Photo: Laurie Rollitt

HERE’S an apparent paradox: Most Americans have taken high school mathematics, including geometry and algebra, yet a national survey found that 82 percent of adults could not compute the cost of a carpet when told its dimensions and square-yard price. The Organization for Economic Cooperation and Development recently tested adults in 24 countries on basic “numeracy” skills. Typical questions involved odometer readings and produce sell-by tags. The United States ended an embarrassing 22nd, behind Estonia and Cyprus. We should be doing better. Is more mathematics the answer?

In fact, what’s needed is a different kind of proficiency, one that is hardly taught at all. The Mathematical Association of America calls it “quantitative literacy.” I prefer the O.E.C.D.’s “numeracy,” suggesting an affinity with reading and writing.

Calculus and higher math have a place, of course, but it’s not in most people’s everyday lives. What citizens do need is to be comfortable reading graphs and charts and adept at calculating simple figures in their heads. Ours has become a quantitative century, and we must master its language. Decimals and ratios are now as crucial as nouns and verbs.

It sounds simple but it’s not easy. I teach these skills in an undergraduate class I call Numeracy 101, for which the only prerequisite is middle school arithmetic. Even so, students tell me they find the assignments as demanding as rational exponents and linear inequalities.

I’m sometimes told that what I’m proposing is already being covered in statistics courses, which have growing enrollments both in high schools and colleges. In 2015, nearly 200,000 students were taking advanced placement classes in statistics, over three times the number a dozen years ago. This might suggest we are on the way to creating a statistically sophisticated citizenry.

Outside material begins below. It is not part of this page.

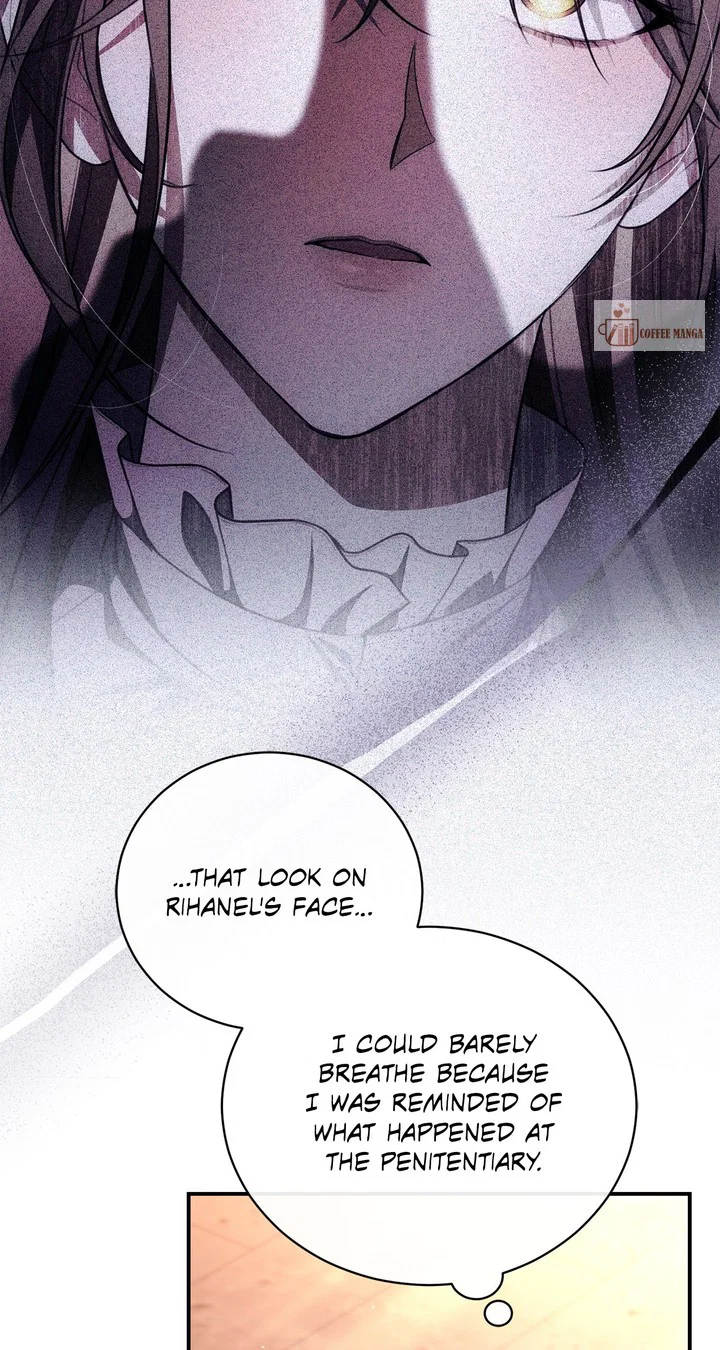 Chapter 2 - Image 71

So I sat in on several advanced placement classes, in Michigan and New York. I thought they would focus on what could be called “citizen statistics.” By this I mean coping with the numbers that suffuse our personal and public lives — like figures cited on income distribution, climate change or whether cellphones can damage your brain. What’s needed is a facility for sensing symptoms of bias, questionable samples and dubious sources of data.

My expectations were wholly misplaced. The A.P. syllabus is practically a research seminar for dissertation candidates. Some typical assignments: binomial random variables, least-square regression lines, pooled sample standard errors. Many students fall by the wayside. It’s not just the difficulty of the classes. They can’t see how such formulas connect with the lives they’ll be leading. Fewer than a third of those enrolled in 2015 got grades high enough to receive credit at selective colleges.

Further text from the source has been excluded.